**Action item:** Find the line containing "Imitation Jade Glass" in the records below. Copy exactly that line and each one after it, ending at the line containing "Fruit Wide Width", and nothing more.

** Exercise material follows **

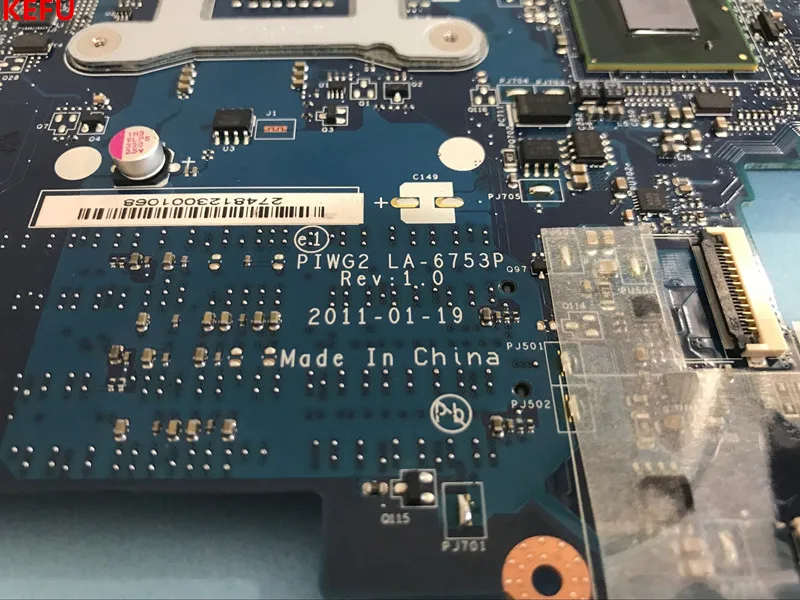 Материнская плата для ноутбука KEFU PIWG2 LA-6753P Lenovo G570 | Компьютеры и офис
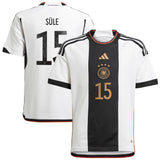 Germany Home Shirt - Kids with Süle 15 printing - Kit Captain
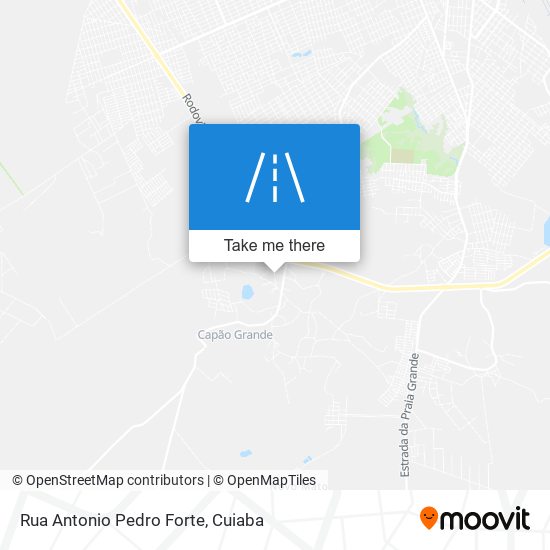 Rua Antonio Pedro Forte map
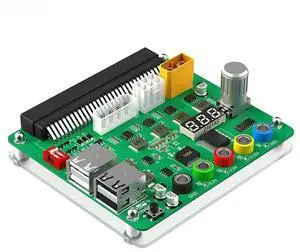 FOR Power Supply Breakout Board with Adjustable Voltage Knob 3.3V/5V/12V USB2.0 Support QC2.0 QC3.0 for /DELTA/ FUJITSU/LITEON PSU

** End of Exercise material **
** Exercise material follows **

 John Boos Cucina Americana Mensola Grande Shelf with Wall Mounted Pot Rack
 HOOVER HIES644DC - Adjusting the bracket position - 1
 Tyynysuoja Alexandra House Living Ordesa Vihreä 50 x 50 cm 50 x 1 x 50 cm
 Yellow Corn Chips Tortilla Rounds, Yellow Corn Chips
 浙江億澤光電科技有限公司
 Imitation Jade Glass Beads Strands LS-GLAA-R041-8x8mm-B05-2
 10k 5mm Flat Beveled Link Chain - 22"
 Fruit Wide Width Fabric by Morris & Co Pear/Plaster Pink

** End of Exercise material **
** Exercise material follows **

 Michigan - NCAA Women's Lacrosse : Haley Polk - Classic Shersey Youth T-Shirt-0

** End of Exercise material **

**Result below:**
 Imitation Jade Glass Beads Strands LS-GLAA-R041-8x8mm-B05-2
 10k 5mm Flat Beveled Link Chain - 22"
 Fruit Wide Width Fabric by Morris & Co Pear/Plaster Pink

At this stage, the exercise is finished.